学制発布
日本の近代教育の出発点は、明治5年発布の「学制」にある。維新政府は、旧来の因習を破り知識を世界に求めることを国の根本方針とした。そして「万機公論」の精神を尊重しつつ、国を挙げて近代国家の建設に力を尽くした。その支柱となったものが、教育立国への先見であり、「学制」の発足であった。
ところが、法はできても市井の財政や人々の暮らしを改革して行くには時間がかかる。この「学制」は国民一般の実状や経済を無視した机上論であるとされ、本格席な学校の整備が始まるのは明治12年の自由教育令や翌13年の教育改正令、そして19年の小学校令などが出されるのを待ってからのことであった。
そうは言っても、学校をわが村に、というのは人々にとっては願いでもあった。
ここ南伊豆町でも各所でお寺に間借りした尋常小学校が設けられ、家庭の事情によって通うことのできない子もいたが、徐々に地域に溶け込んでいった。
青市にて
さて、南伊豆青市の上組地区には公会堂がある。元は小学校が建っていた土地であるらしい。この坂を登りながら、向学と立身の夢を膨らませた子ども達が大勢いたことだろう。
この学校には、一つ北側にある中組地区の洞からも子ども達が通学していた(「洞=ほら」というのは川沿いの集落のこと。川に沿って田畑や家屋が展開し、集落を形成して集団の単位となる)。
しかし中組と上組は異なる洞である。その間には一筋の尾根が存在し、両者を隔てている。当然、中組から上組にある小学校に通うには、一旦中組の麓まで降りて上組の洞に入るか、中組から尾根を峠で越えて上組に入るしかない。前者は平坦であるが距離が長い。後者は短距離だが山道は険しい。痛し痒し、なのである。
そこで、子ども達の不便さを少しでも取り除こうと、大人達は立ち上がった。中組と上組を隔てる山塊の下り尾峠に隧道を穿ち、子ども達の負担を軽減しようとしたのだ。

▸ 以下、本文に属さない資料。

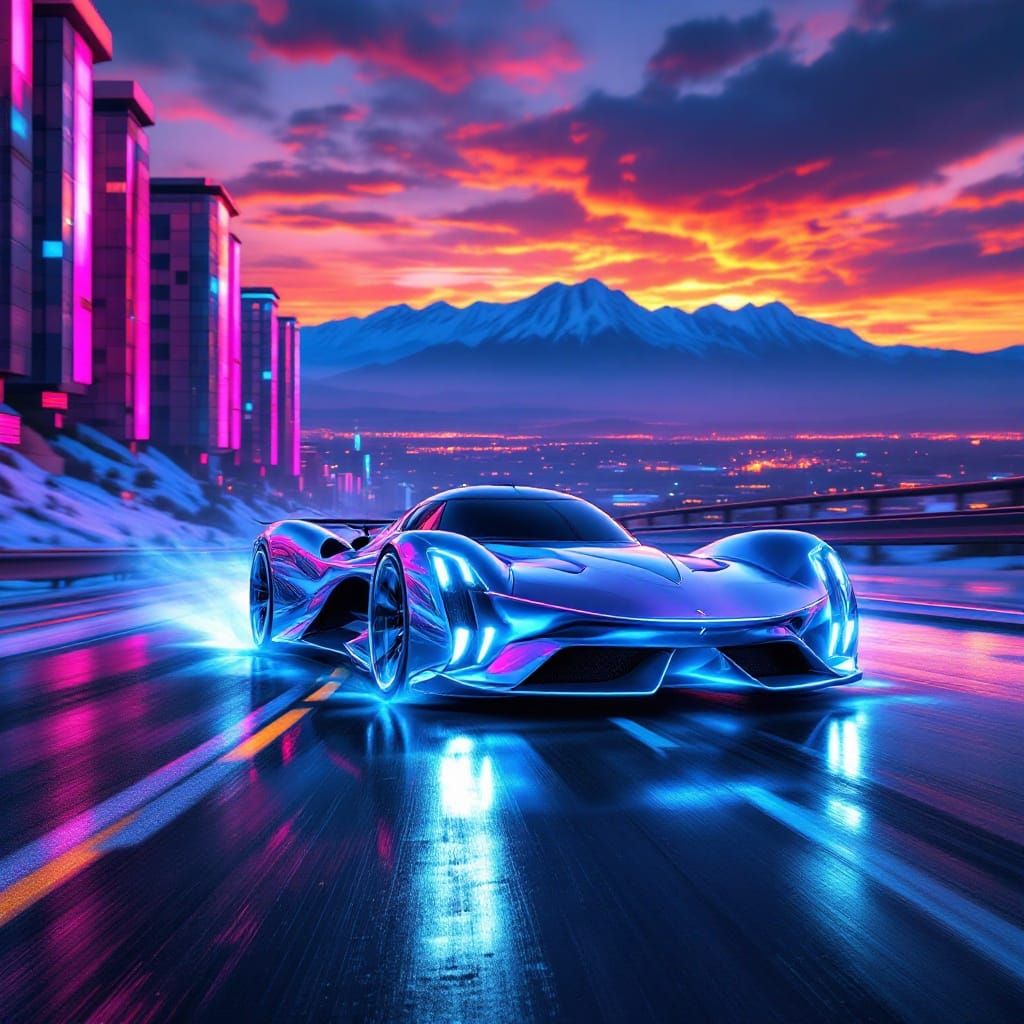 Sleek Silver Phantom Speeds Through Neon Cityscape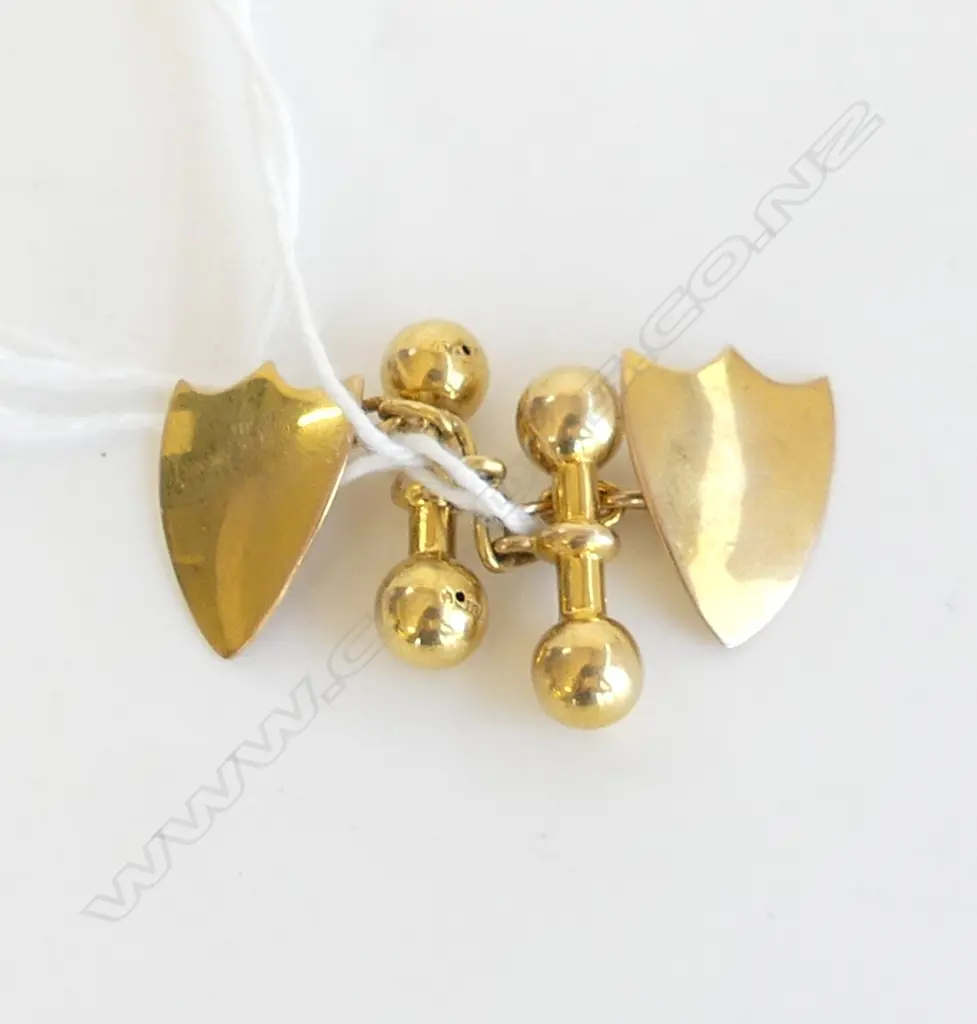 PR 9ct YELLOW GOLD SHIELD FORM CUFFLINKS c1900 3gms Image 1++
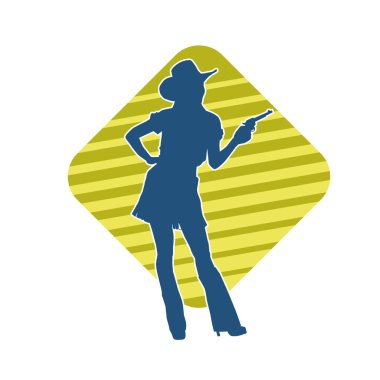 Silah taşıyan kovboy kız kostümlü zayıf bir kadın modelin silueti. Hareket halindeki bir kovboy kızı silueti, tabancayla poz verir. 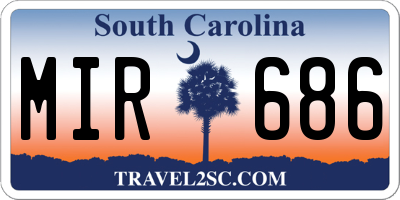 SC license plate MIR686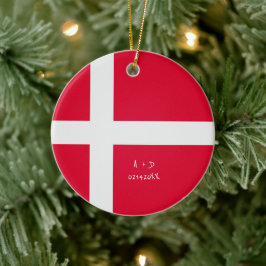 Anpassningsbar Message Danmark Flagga Julgransprydnad Keramik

下の地図をご覧いただこう。中組から上組に行くには、下りを尾峠を経由した方がずっと近いのがお分かりいただけるだろう。
しかし、これから紹介するトンネルは後から作られたものであって、峠道自体はもっと古い時代から存在し、人々の生活に供用されていたことは疑いのないことである。

では、この地に小学校ができたのはどんな経緯だったのか。
資料によると、次のような経過があったようである。
明治6年 8月 湊村に三餘館を置く
明治6年11月 手石、青市を一学区として養蒙館を置く
明治19年5月 手石、湊、青市、下流、大瀬、長津呂を合併。一学区とし、本校を手石に置く。尋常小学校手石学校と称す。各村に分校を置く。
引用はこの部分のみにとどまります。